¿En cuál enciclopedia deberá narrarse la epopeya de Ricardo Aldape Guerra? ¿En la Enciclopedia de México? ¿En la Encyclopaedia Britannica o en alguna de las fuentes del saber estadunidense? Puede haber también lugar en los textos contemporáneos que cotidianamente se escriben. Desde las muertes anunciadas como la de Salman Rushdie, pasando por las de niños abandonados y rematando con las ``nuestras'': Chiapas, desnutrición y, por supuesto, las de los trabajadores migratorios.
Aldape resume muchos tiempos y no pocos dolores. Su caso desborda la realidad y contextualiza múltiples sinsabores. La del México exportador de mexicanos. La de la justicia-injusticia de nuestros vecinos. La de la fragilidad de la pena de muerte. La de los jueces que ejecutan y luego prosiguen su vida. La de los inermes y crónicamente desprovistos de voz, de presencia. Todo eso es Aldape: el ser despojado y desnudo contra un sistema de justicia ajeno, tutti potencial. Que dicta sus reglas acorde con su idiosincracia. Que enjuicia escuchando su lógica. Y que tiene el riesgo de concluir sin desprenderse del racismo y la xenofobia imperantes en Estados Unidos.
Importa, por supuesto, que Aldape no fue ejecutado. Pero es más doloroso saber que en las celdas estadunidenses otros seres aguardan la muerte programada. Se calcula que la lista ``en espera de la muerte'' está constituido por 3 mil personas. Proporcionalmente, la mayoría son negros o pertenecientes a otras minorías. Igualmente doloroso es saber que dicha justicia no se modificará y que las prisiones siempre tendrán calabozos por llenar. No podemos tampoco soslayar el daño que producen 15 años de prisión con la soga al cuello. Como tampoco olvidar que otros -mexicanos o no- han sido ejecutados. Debemos repetirlo: la clase social corre paralela a la magnitud de las injusticias. Y obligado es también no sus- traerse a nuestra incompetencia y corresponsabilidad para evitar encarcelamientos y vejaciones como sinónimo de los males de casa. Es la corrupción, la impunidad y la ineficacia de la clase dominante la que envía a sus gobernados a las fauces de los vecinos.
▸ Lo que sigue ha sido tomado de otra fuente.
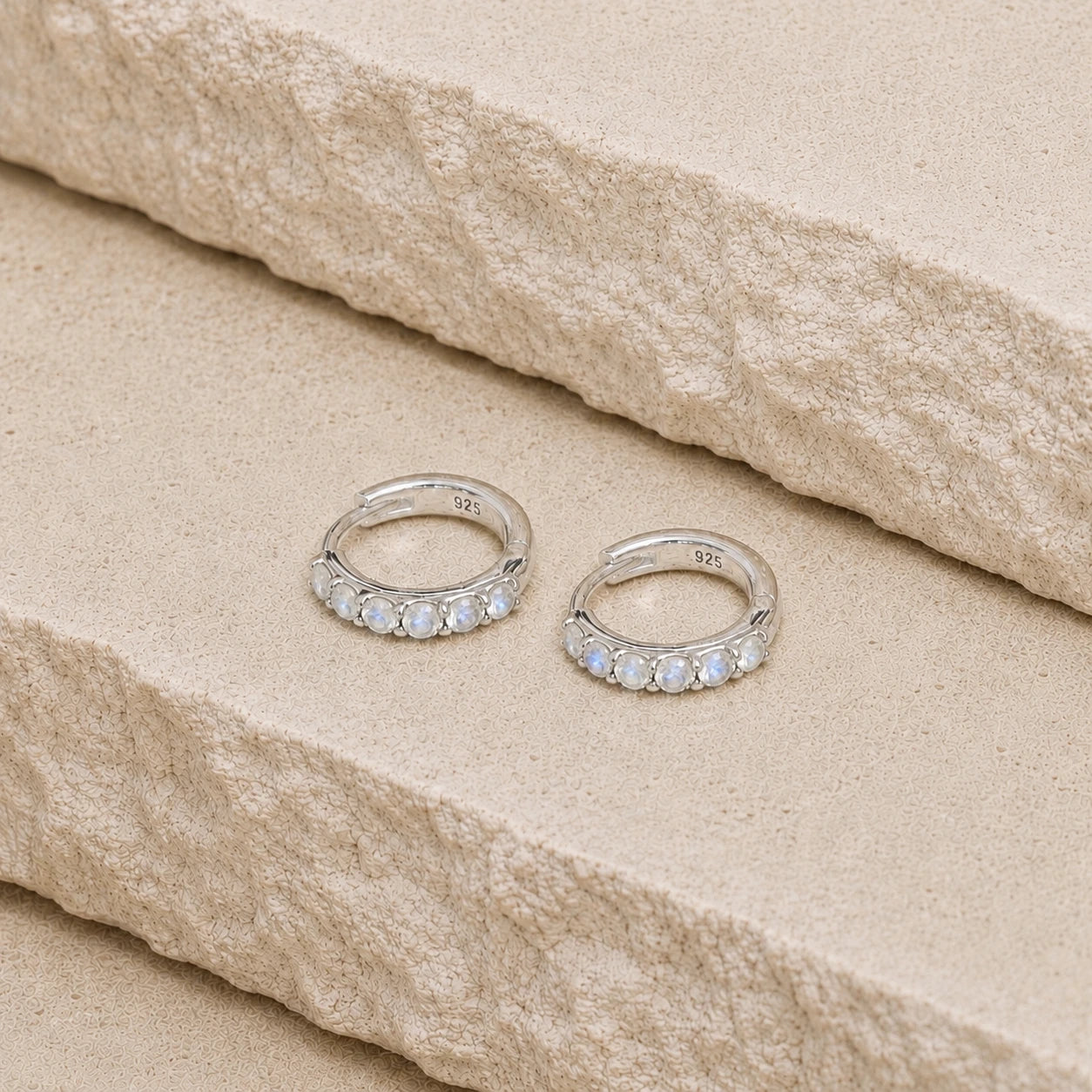 Sterling silver rainbow moonstone huggie hoop earrings with five light blue gemstones on each hoop, displayed on a textured cream stone surface with visible 925 hallmark inside each earring.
¿Qué hubiese sucedido si hubieran ejecutado a Aldape? ¿Sólo habría fallecido? ¿Sólo sería una muerte? La existencia o no de la pena de muerte debería ser parteaguas entre el mundo civilizado y el de las cavernas. La decisión de matar a una persona, con el consenso de la opinión pública, de las leyes de un país y de sus estados es incluso peor que las muertes acaecidas en las guerras. En las últimas, la barbarie es generalizada y la lucha anunciada. Por supuesto, enferman igualmente los conflictos armados, pero en la pena de muerte la justicia representa a toda una nación que la certifica, mientras la víctima es sólo una persona inerme. Toda la maquinaria y la razón de una forma de pensar contra un ser. O todo el sesgo de un pueblo invertido en sus leyes. ¿Qué hubiese sucedido tras la muerte de Aldape? El juez, el verdugo y la opinión que avalan la pena de muerte seguirían su camino. Después de todo, poseen la justicia y la última palabra. Lo endeble y lo falible de la pena de muerte y de la vida, queda demostrado en el caso Aldape. Después de 15 años se conmutó la sentencia. ¿Y si no? La inexactitud en este tipo de decisiones evoca a Dante.
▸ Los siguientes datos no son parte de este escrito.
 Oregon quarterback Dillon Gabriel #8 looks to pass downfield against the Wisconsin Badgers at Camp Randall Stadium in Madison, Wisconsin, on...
Sobran argumentos en contra de la pena de muerte. Los expertos han ennumerado motivos sicológicos, jurídicos, históricos y éticos. Si bien no es este el sitio para repasarlos (véase La pena de muerte y los derechos humanos de Daniel Sueiro, Madrid, Alianza Editorial, 1987), quisiera tan sólo detenerme en las infranqueables paradojas éticas insertas en el tema de marras. Las decisiones sobre la pena de muerte no deben ser juicio aislado. Hay que enfocar en el mismo círculo el ruido sobre la eutanasia, el silencio sobre las muertes de los niños de la calle, la rasgadura de vestiduras sobre el aborto y la intranquilidad suscitada en religiosos y jerarcas sobre la clonación. En medio de los alcances de la civilización (Juliana González dice que civilización significa esencialmente humanización) es incomprensible que la pena de muerte siga vigente. Es inentendible pensar que al matar se considere que la violencia disminuirá.
A Aldape no lo asesinaron. Su historia será o no parte de las nuevas enciclopedias. Hay quien se felicita por la decisión y habrá, en Estados Unidos, quien considere que la justicia fue derrotada por la exculpación. Quedan, sin embargo, a la puerta del cadalso muchos seres más. Es contradictorio y absurdo considerar que la pena de muerte es una forma de justicia.